If you go to training with your dog you'll not only develop that relationship and communication skills with him, but you'll have more oversight into his training to ensure that training is fair and fun and he is not subjected to absuive training methods. If you send him away that is all out of your control and you have no idea if he is being treated well and if the training methods are fair or not.

Also, training is not just a 2 week course, or 8 week course, or 6 month course. It is a lifelong thing that dog and owner must engage in together in order to keep their communication going, relationship strong and make sure the dog remains polished in his obedience skills.

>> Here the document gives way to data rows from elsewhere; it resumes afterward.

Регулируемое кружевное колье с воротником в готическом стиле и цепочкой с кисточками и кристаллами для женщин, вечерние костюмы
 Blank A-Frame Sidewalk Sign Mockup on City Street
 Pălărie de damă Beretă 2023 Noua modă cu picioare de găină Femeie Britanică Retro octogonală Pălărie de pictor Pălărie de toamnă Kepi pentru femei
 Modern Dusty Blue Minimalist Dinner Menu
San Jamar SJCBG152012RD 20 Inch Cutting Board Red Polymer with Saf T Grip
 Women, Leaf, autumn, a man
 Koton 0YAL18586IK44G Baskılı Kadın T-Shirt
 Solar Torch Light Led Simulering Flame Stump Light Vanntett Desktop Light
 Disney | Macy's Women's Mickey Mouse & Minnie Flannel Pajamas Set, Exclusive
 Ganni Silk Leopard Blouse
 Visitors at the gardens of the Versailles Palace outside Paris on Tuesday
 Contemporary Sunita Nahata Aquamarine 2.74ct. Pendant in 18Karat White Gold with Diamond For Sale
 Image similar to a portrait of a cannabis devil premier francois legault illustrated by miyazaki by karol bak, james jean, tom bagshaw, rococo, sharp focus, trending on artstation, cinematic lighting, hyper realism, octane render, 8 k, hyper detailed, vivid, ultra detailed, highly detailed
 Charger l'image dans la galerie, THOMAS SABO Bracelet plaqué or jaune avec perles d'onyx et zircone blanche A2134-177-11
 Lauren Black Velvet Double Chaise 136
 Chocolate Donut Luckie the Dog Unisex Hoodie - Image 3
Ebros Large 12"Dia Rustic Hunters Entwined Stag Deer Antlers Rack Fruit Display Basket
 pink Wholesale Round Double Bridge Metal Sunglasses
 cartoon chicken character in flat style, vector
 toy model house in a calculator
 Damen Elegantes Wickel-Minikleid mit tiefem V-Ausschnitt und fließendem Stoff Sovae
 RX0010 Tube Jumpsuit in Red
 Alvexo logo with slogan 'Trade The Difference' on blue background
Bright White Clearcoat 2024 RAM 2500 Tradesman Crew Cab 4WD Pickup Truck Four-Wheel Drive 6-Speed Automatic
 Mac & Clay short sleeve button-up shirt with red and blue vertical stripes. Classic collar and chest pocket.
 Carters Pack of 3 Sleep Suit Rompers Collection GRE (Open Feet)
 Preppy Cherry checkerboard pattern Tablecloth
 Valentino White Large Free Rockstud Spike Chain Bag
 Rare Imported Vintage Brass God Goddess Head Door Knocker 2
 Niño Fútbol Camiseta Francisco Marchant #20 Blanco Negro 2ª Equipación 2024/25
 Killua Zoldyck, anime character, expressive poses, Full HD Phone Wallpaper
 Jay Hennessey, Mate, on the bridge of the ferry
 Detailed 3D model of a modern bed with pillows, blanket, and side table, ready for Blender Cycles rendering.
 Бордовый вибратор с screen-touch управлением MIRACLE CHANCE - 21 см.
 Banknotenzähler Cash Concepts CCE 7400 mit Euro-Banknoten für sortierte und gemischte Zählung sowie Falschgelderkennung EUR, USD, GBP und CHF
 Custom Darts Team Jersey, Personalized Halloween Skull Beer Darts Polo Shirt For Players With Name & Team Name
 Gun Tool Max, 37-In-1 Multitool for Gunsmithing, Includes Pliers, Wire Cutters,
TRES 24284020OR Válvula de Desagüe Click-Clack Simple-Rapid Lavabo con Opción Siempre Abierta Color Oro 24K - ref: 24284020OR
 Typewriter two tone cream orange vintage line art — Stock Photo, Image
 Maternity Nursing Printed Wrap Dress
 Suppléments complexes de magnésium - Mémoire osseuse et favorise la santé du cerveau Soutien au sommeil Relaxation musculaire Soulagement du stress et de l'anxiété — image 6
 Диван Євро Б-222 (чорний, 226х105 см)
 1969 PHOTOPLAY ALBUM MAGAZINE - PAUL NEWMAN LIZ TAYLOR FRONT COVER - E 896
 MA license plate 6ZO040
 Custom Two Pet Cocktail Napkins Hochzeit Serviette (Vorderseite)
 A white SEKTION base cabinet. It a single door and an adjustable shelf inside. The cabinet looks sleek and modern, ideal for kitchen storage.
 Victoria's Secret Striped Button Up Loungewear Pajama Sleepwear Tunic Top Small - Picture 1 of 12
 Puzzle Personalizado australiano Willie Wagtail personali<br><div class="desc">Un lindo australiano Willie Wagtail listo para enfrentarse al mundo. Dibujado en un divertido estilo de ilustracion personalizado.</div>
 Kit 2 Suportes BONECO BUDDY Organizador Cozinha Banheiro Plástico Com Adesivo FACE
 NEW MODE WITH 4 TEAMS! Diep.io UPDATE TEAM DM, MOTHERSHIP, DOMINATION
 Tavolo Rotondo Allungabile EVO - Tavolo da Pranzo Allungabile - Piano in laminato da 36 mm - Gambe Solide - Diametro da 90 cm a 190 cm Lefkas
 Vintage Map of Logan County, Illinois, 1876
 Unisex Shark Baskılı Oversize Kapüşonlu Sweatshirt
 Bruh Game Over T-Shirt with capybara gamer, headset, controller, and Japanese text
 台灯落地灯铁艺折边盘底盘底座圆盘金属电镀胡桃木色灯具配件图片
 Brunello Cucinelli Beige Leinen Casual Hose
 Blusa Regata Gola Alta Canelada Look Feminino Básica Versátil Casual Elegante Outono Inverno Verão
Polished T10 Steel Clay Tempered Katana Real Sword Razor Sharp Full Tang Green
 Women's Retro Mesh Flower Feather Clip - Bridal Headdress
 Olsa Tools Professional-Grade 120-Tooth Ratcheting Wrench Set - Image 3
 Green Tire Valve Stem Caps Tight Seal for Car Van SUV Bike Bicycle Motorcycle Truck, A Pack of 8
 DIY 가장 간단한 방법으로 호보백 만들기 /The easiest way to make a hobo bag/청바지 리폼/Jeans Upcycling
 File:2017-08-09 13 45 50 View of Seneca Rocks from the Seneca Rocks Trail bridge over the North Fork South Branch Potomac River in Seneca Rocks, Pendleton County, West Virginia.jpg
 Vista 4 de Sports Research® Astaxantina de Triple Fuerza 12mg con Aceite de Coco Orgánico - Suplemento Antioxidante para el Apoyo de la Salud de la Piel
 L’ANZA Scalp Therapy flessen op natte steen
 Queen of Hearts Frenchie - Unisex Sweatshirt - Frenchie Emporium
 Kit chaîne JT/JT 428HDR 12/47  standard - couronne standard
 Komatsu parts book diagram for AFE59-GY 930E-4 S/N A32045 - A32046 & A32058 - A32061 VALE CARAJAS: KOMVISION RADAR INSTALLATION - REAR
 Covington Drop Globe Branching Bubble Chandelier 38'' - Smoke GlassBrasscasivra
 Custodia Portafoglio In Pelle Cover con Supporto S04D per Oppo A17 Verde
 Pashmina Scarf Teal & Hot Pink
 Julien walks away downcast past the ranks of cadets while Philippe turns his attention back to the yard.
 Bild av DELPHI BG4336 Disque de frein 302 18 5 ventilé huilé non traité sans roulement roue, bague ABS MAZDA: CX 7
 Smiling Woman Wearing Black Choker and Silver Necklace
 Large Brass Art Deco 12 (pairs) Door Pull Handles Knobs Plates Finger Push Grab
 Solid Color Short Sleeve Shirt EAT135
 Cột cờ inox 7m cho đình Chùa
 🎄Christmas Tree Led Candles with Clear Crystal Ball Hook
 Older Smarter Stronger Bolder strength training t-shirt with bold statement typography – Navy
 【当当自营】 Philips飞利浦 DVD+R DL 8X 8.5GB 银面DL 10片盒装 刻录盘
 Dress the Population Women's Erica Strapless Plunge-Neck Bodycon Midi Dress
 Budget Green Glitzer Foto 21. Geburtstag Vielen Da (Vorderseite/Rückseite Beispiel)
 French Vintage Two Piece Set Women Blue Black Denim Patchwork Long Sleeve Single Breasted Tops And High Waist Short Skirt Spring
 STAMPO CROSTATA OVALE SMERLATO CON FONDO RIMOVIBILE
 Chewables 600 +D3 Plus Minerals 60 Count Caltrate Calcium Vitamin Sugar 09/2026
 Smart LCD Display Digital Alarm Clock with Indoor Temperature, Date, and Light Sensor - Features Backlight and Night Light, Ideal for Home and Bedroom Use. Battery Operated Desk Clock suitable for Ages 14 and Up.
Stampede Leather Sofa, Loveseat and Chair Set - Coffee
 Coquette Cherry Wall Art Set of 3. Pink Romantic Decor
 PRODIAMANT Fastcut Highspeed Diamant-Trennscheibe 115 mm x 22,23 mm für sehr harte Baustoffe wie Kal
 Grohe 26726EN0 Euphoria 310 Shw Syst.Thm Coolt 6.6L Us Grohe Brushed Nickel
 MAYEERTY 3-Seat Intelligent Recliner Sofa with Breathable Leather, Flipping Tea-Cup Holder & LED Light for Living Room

This also requires the owner being trained to know what to do, not just the dog.


----------



## allieg (Nov 4, 2008)

How come on the 7th of this month you were asking about pups?If you have had the dog for a month it doesn't add up.
My opinion if you are for real and I apologize if you are, is to read up on training and take it to classes where you are involved with the training.Board and trains are not good for most animals IMO.


----------



## redtango (Apr 7, 2009)

Thank you for the comments! Liang Liang is not well trained yet. i taught it sit, and that's probably it. it pulls on the leash, but a crazy amount. it bits my shoes when i m not home, and try to mussle with me a little when ever things don't go his way. this might make him sound like a bad dog, and me a bad owner, but we are really not. he is pretty sweet most of the times. i just want to start early and prevent all the aggression he might develop. 

any recommendation on dog trainers or training courses around NY???

thanks a LOT


----------



## allieg (Nov 4, 2008)

What makes you think he will be aggressive?? My dog did the same things and she is as sweet as pie.


----------



## redtango (Apr 7, 2009)

Liang Liang is 4 month, i had it when it was 3 month old. and i m very serious about getting him trained, either with me or throught a boarding school. 

please help me find a good trainer!


----------



## allieg (Nov 4, 2008)

Why do you keep referring to him as IT.It has a name and deserves to be called by it,Liang Liang.


----------



## dd (Jun 10, 2003)

Training is as much for the owner as for the pup. Boarding your dog out for training is a bad idea, you are the one who neds to learn the techniques for training and engaging properly with your pup. Working with him will help with the bonding process.


----------



## BlackPuppy (Mar 29, 2007)

I'm not anywhere new New York, but start visiting some of these places without your dog. See if they use positive training, which means either clickers or treats and lots of praise. No, physical forcing of a dog to do something. If they don't let you come and watch, then stay away, because they are probably trying to hide something. 
http://www.google.com/search?hl=en&q=dog+training+nyc&aq=f&oq=

Also, start practicing NILIF, immediately. This web site will explain everything.
http://k9deb.com/nilif.htm

Once you start training your dog, both of you will have a much more fulfilling life. You never know, you might decide to start showing your dog in Rally, Obedience, or whatever. 

And stay away from the boot camps where they take your dog away from you. Most likely they are using harsh methods that can ruin your dog. 

Good luck and have fun!


----------